Explain whether oxidation, reductio, or neither occurs in the following reactions :
(a) `H_2 C= CH_2 rarr H_3 C - CH_3`
(b) `HC -= CH rarr H_3 C- CH = O`
( c) `CH_4 rarr CH_3 OH`
(d) `H_2 CB r_2 rarr H_2 C = O`
II. Give the structural formula for the simplest hydrocarbon in which `C` has a zero `O.N`.

(a) Reduction, because `O.N`. Of `C` changes from `-2` to `-3`
`H_2 C = CH_2 (C_2 H_4) : 2x + 4 = 0, x = - 2`
`H_3 C - CH_3(C_2 H_6) : 2 x + 6 = 0, x = - 3`
(b) Neither, because `O.N` of `C` in both reactant and products is `-1`, i.e., no change in `O.N`.

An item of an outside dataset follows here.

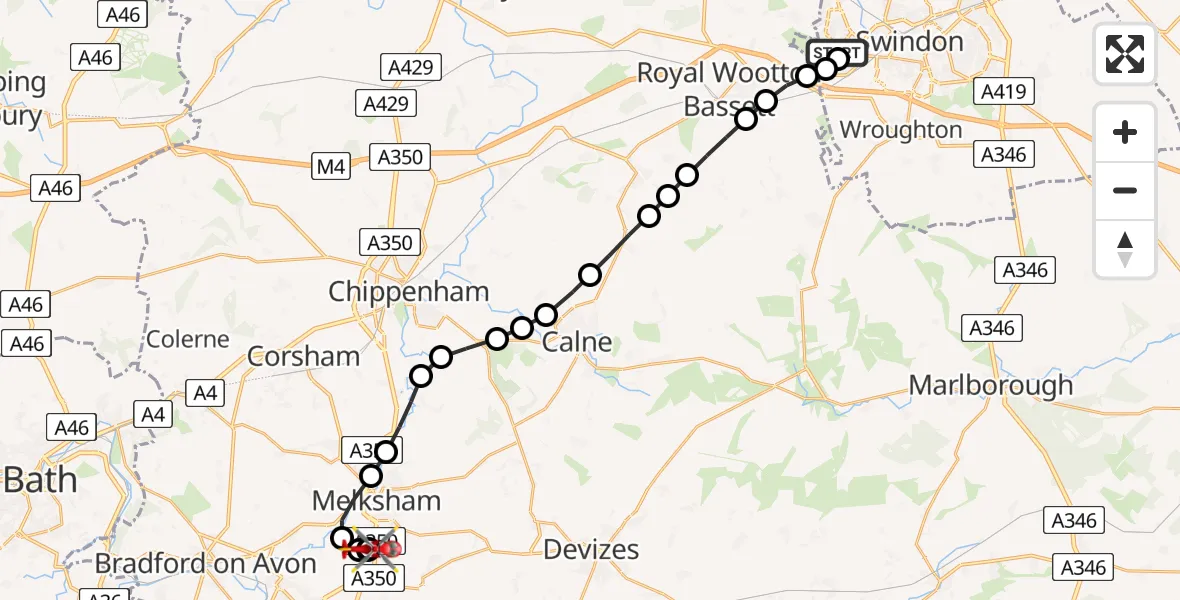 Flight route map: Air Ambulance Helicopter to Trowbridge, Trowbridge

`CH -= CH , (C_2 H_2) : 2 x + 2 = 0, x = -1`
`CH_3 OH(CH_4 O) = 2x + 4 - 2 = 0, x= -1`
( c) Oxidation, because `O.N` of `C` changes from `-4` to `-2`
`CH_4 = x + 4 = 0. x =-4`
`CH_3 OH(CH_4 O) = x + 4 - 2 = 0, x = -2`
(d) Neither, because `O.N` of `C` in both reactant and product is zero, i.e., no change in `O.N`.
`H_2 CB r_2 -= x + 2 - 2 = 0, x = 0`
`CH_2 O = x + 2 - 2 = 0, x = 0`
II. The simplest hydrocarbon is `(HC -= CH)`. The number of `H` atoms and `C` atoms must be same so that their oxidation number with opposite signs would cancel.